Kristin Murphy, Deseret News, File

New standards could show Utahns which masks are most effective

By Graham Dudley, | Posted - Feb. 26, 2021 at 11:42 a.m.

SALT LAKE CITY — New standards released this week by ASTM International could help consumers choose masks that are most effective against COVID-19. But it's not clear when they might appear on Utah store shelves.

ASTM International is a standards organization that worked with government agencies, academic institutions, and industry stakeholders to develop the mask standards, according to CNN Health. Under its guidelines, masks would be categorized as either "level one" or "level two" depending on how effectively they filter particles that could carry viruses like the one that causes COVID-19.

A level one ASTM-certified mask would be able to filter at least 20% of the particles that pass through. Level two masks would offer more protection, filtering at least 50% of particles, but would provide less comfort and breathability.

Such standards would take much of the guesswork out of buying masks, as it's often unclear just how useful any given product might be. Still, with ASTM's rigorous testing and certification process, CNN says some suppliers won't choose to have their products certified, and unlabeled masks will still be available for purchase.

But government agencies may opt to mandate more effective masks in the workplace. Organizations like the National Institute for Occupational Safety and Health and Occupational Health and Safety Administration could play a role; on Jan. 21, President Joe Biden asked OSHA to "consider whether any emergency temporary standards on COVID-19, including with respect to masks in the workplace, are necessary" in an executive order.

OSHA's review and decision is expected by March 15, CNN reported. The agency, focused on worker protection, could mandate higher-quality masks for employees in every state, including Utah.
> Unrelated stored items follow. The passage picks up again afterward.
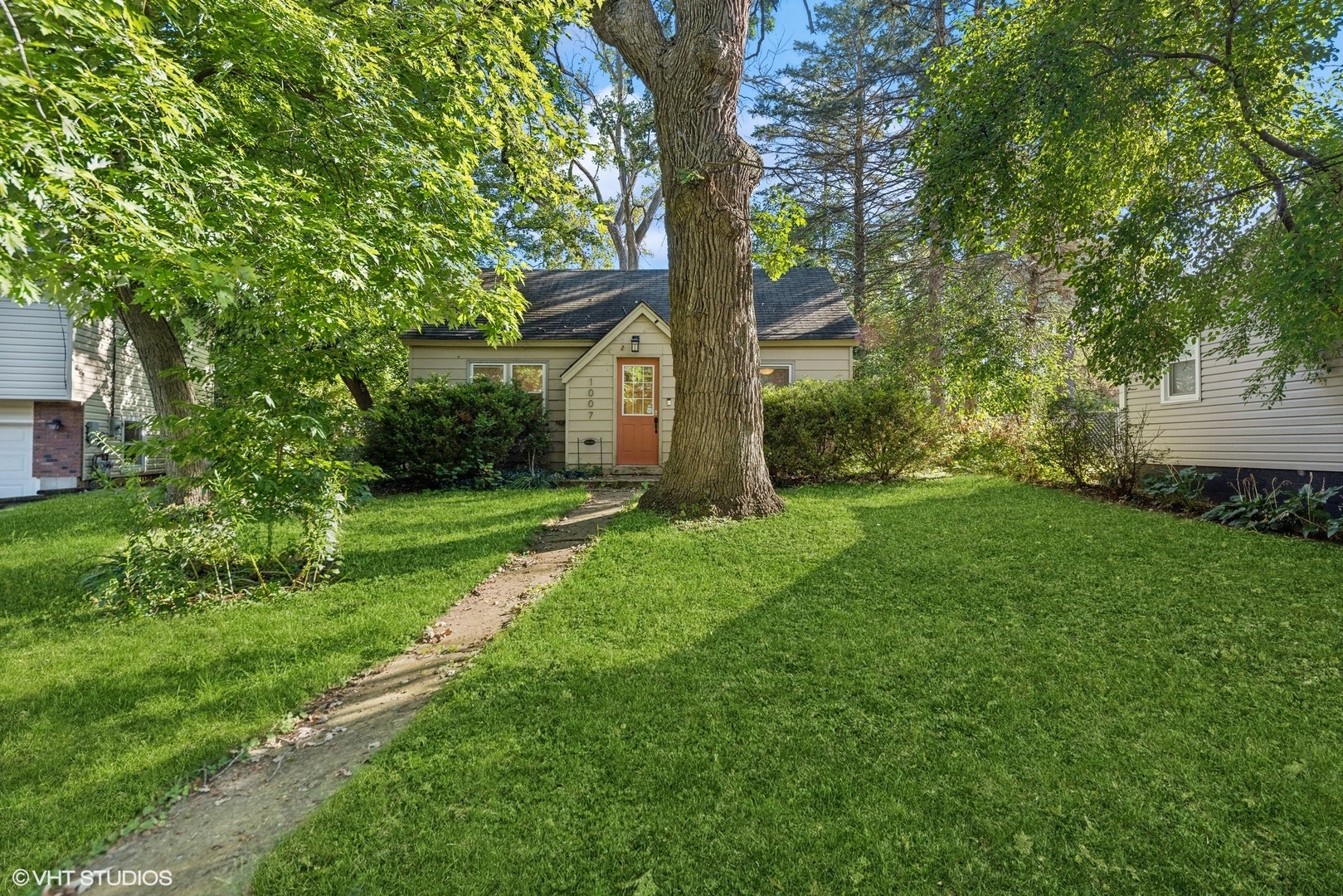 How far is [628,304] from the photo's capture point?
46.2ft

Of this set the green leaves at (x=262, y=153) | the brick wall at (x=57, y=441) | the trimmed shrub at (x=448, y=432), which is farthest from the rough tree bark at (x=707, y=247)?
the brick wall at (x=57, y=441)

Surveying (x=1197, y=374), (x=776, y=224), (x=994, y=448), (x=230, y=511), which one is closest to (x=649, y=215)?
(x=776, y=224)

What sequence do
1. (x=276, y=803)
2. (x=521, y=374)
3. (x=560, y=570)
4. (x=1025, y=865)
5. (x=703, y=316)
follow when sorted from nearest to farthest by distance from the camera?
(x=1025, y=865), (x=276, y=803), (x=560, y=570), (x=703, y=316), (x=521, y=374)

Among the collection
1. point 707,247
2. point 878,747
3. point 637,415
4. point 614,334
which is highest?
point 707,247

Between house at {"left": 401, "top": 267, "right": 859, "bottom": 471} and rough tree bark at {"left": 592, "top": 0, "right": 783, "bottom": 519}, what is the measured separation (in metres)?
3.61

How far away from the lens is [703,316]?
273 inches

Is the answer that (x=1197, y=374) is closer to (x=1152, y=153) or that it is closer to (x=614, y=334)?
(x=1152, y=153)

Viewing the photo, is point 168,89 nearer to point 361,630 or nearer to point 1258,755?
point 361,630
ASTM's standards do not apply to medical-grade masks like N95s, which are already required to meet certain specifications.

Utah Department of Health spokesman Tom Hudachko said in an emailed statement that he was previously unaware of the ASTM standards. "We have, and will continue, to follow whatever CDC guidance is on masking," he said.

CDC guidance on masking — including how to wear them, how they should fit and how to double-mask — is available on its website.